Um dia, Joana foi chamada às pressas para atender a uma filha, em dificuldades sérias com um bebe prematuro.Como não podia ir junto, pois as viagens estavam no rol dos impedimentos, ela ficou.Seriam poucos dias, uma semana talvez, e ela podia devagar e com jeitinho, cuidar de si mesma. Tinha à mão os telefones do médico da família e uma vizinha de porta viria vê-la, ao chamado.

Passados os dois primeiros dias, acordou mais bem disposta.O caminhar pela casa que, às primeiras horas era bastante penoso, começou a tornar-se mais ágil. O corpo já não doía tanto!No terceiro dia, ao aproximar-se da janela tropeçou e, se amparando de mau jeito na velha cadeira, tombou-a!
Estupefata, viu uma das pernas de madeira maciça, mas antiga, partida em dois pedaços!
E agora? Pensava...Como faria para ter seu único e essencial prazer?
Tentou, a principio, apoiar-se ao parapeito mas permanecer de pé, parada, era mais difícil que andar aos poucos.Teve uma noite triste, mas tentou dormir e deixar para depois o pedido de ajuda. Ainda bem que o barulho não chamara a atenção da vizinha!

Durante a noite teve um sonho lindo. Sonhara que sua cadeira, sem pernas, era como um tapete mágico que a levava a voar por sobre a imensidão do parque. A sensação de leveza, o vento brincando com seu velho corpo, as risadas das crianças lá embaixo, fez com que acordasse tão esperançosa e feliz que decidiu ousar.

Manhã bem cedo, prepara-se com cuidado, apanha sua bengala e desce até a rua. Pede ajuda a uma jovem para atravessar e, finalmente, chega ao parque.Sentada no banco longo do parque, sorria olhando a sua janela vazia e agradecendo aos céus o tombo da cadeira, a ausência de Joana e a vizinha muito ocupada.Neste dia deu alguns poucos passos, mas sua noite foi bem mais tranqüila e repousante.
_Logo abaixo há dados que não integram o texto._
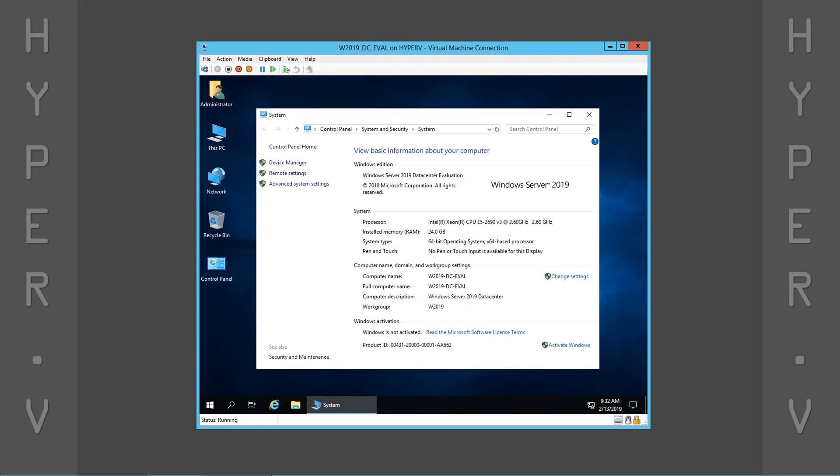The installation is now complete. We have a virtual machine running Windows Server 2019.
Todas as manhãs, ela passou a repetir a travessura e a cada dia sua resistência aumentava e podia caminhar um pouco mais.Qual não foi a surpresa de todos, quando Joana voltou e a encontrou no parque, conversando com outras senhoras e brincando com os pequenos.

Para completar, seus exames médicos mensais apresentaram resultados de melhoras impensadas!A cadeira quebrada ficou, escorada, no mesmo lugar e todos os dias recebia um afago agradecido antes do passeio autônomo, pelo parque.
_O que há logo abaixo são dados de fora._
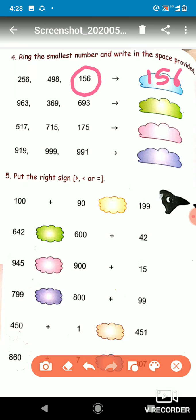The next one has 963, 369, and 693. We have to ring the smallest number. Here 600 is there, here 900 is there, and 300 is there. We know that 300 is smaller compared to 900 and 600, so we will circle 369 and write 369 in the space provided.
**************************

A agressividade saudável é uma força profunda, que nos dá o ímpeto de aprender novas habilidades e a base para conseguirmos a independência e o afastamento daqueles que poderiam nos dominar ou nos dar proteção excessiva.

©copyright Angela Schnoor

Posted by Picasa

6 Comments:

Anonymous Anônimo said...

Temos que tentar ir sempre um pouco mais além,não é Ursa querida?

A fazer das nossas fraquezas, força.

Beijinho e bom dia.

6:43 AM

 
Blogger greentea said...

se nós não ousarmos
quem ousará por nós!

Demasiada protecção , inibe o comportamento normal, não deixa tomar decisões. È preciso uma certa dose de independencia de agressividade - agressividade criativa - para nos lançarmos no mundo lá de fora...

Um beijo

6:48 AM

 
Blogger 125_azul said...

Quebrar a cadeira, chutar o balde, voar para além dos limites, abandonar o conforto protector da gaiola, ser feliz. 'bora lá, tou pronta!

11:48 AM

 
Anonymous Anônimo said...

Olá,Ideália!

Me falaram que esse blog era muito bom, eu não imaginava o quanto.
Amei suas palavras, do começo ao fim.

Superação, é fundamental. Ela pode ser entendida como vontade de poder,ou até mesmo como agressividade,de ousar e conseguir.Na história humana, o desafio sempre foi um item de boas discussões, valendo-se dos efeitos resultantes em cada caso. Para alguns, o desafio causa temor, para outros a motivação, outros ainda, a superação, e há aqueles que se mantêm indiferentes.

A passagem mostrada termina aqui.